The retrospective, observational design of this study resulted in limited ability to control for confounding factors. In addition, the relatively small number of events observed owing to a small sample size diminished statistical power to inform study conclusions. Use of a single physician to determine the clinical frailty score is another limitation. Finally, the use of a single center for this study limits generalizability to other programs and clinic settings.
INHD is a sustainable modality, even among older patients. Higher frailty associates with INHD technique failure and greater missed treatments. Inclusion of a CFS threshold of ≤4 into INHD inclusion criteria may help to identify individuals most likely to realize the long-term benefits of INHD.
Due to the retrospective and observational design of this study, trial registration was not necessary.
与传统的每周三次、每次4小时的透析疗程相比,长时间(7 - 8小时)血液透析具有诸多益处。由护士操作的中心夜间血液透析(INHD)可能会扩大能够接受强化透析方案的人群范围。
本研究的主要目的是确定INHD技术失败、中断及技术存活的预测因素。
本研究采用回顾性图表和数据库审查方法。
本研究在加拿大不列颠哥伦比亚省维多利亚市一家三级护理医院内的单一INHD项目中进行。我们的项目服务于约45万人口的集水区。
患者/样本/参与者:43例连续的初治INHD患者参加了INHD项目,其中42例提供了参与本研究的知情同意书。
我们进行了一项回顾性观察研究,纳入了2015年至2017年的初治INHD患者。主要结局是技术失败≤6个月(TF≤6)。次要结局包括技术存活以及INHD中断或暂时中断的原因/预测因素。每个结局的预测因素包括人口统计学、合并症和临床衰弱量表(CFS)评分。

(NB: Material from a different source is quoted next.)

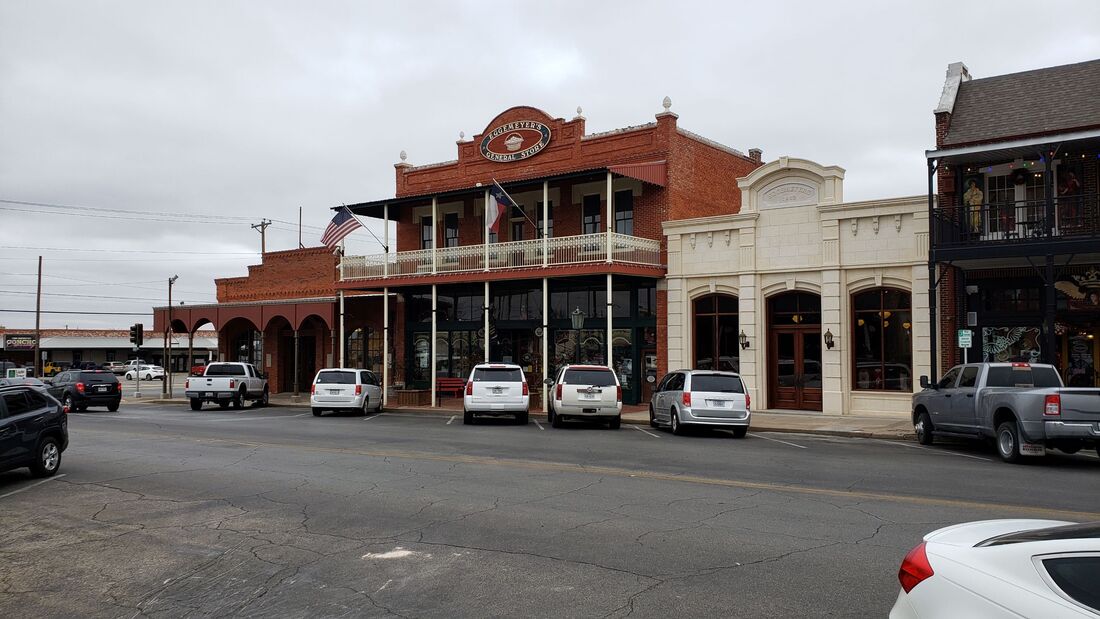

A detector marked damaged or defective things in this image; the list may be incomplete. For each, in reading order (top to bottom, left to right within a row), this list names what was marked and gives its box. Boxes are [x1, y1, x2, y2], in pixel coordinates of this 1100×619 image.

cracked pavement [2, 404, 1100, 616] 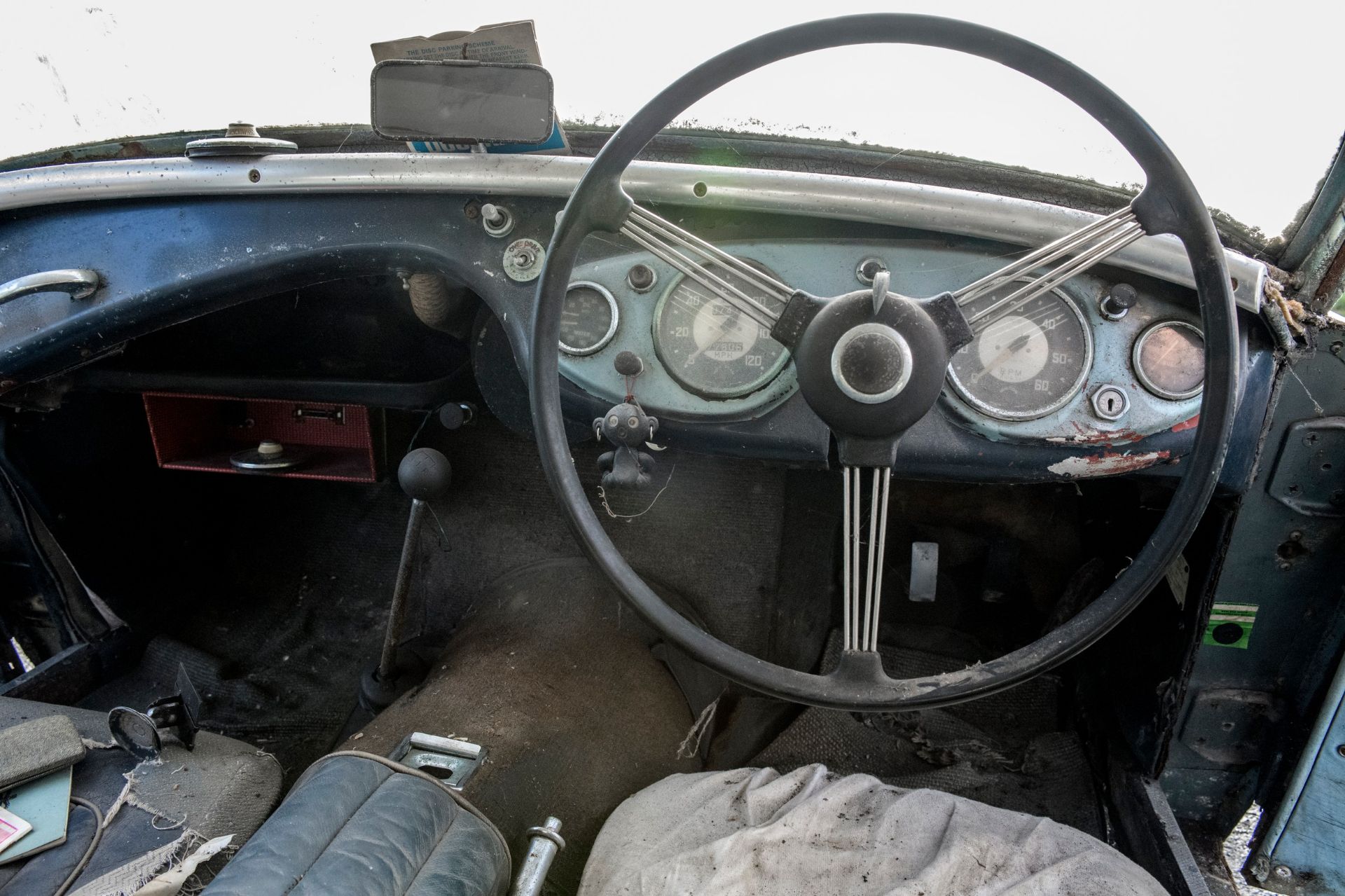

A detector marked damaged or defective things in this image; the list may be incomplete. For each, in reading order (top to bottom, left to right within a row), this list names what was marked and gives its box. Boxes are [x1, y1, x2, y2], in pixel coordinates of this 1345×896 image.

peeling paint [1048, 448, 1171, 476] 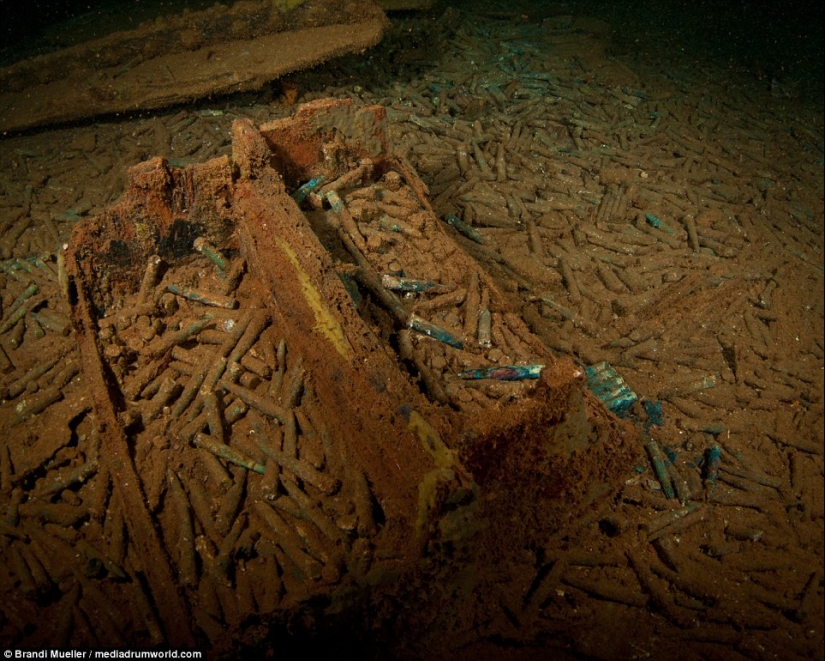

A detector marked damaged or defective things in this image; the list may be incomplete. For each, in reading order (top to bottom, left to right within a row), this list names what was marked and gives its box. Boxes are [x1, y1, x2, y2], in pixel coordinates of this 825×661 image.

42例患者的平均(标准差)年龄为63(16)岁,透析时间为46(55)个月,CFS评分为4(1),随访时间为11(9)个月。52%的患者年龄≥65岁。12例(29%)患者出现TF≤6。因移植和家庭透析转换而进行的一年技术存活审查率为60%。中断与失眠(32%)、医疗状况变化(27%)和血管通路(23%)有关。在未调整的Cox生存分析中,CFS评分每增加1分与技术失败风险较高相关(风险比:2.04,95%置信区间[CI]:1.26 - 3.31)。在调整分析中,较高的衰弱严重程度也与INHD暂时中断相关(发病率比:2.64,95%CI:1.55 - 4.50,比较CFS≥4与1 - 3)。
本研究的回顾性观察设计导致控制混杂因素的能力有限。此外,由于样本量较小,观察到的事件数量相对较少,削弱了为研究结论提供信息的统计效力。使用单一医生确定临床衰弱评分是另一个局限性。最后,但并非最不重要的一点是,本研究使用单一中心限制了其对其他项目和临床环境的可推广性。
INHD是一种可持续的治疗方式,即使在老年患者中也是如此。较高的衰弱程度与INHD技术失败和更多的治疗缺失相关。将CFS阈值≤4纳入INHD纳入标准可能有助于识别最有可能实现INHD长期益处的个体。
由于本研究的回顾性和观察性设计,无需进行试验注册。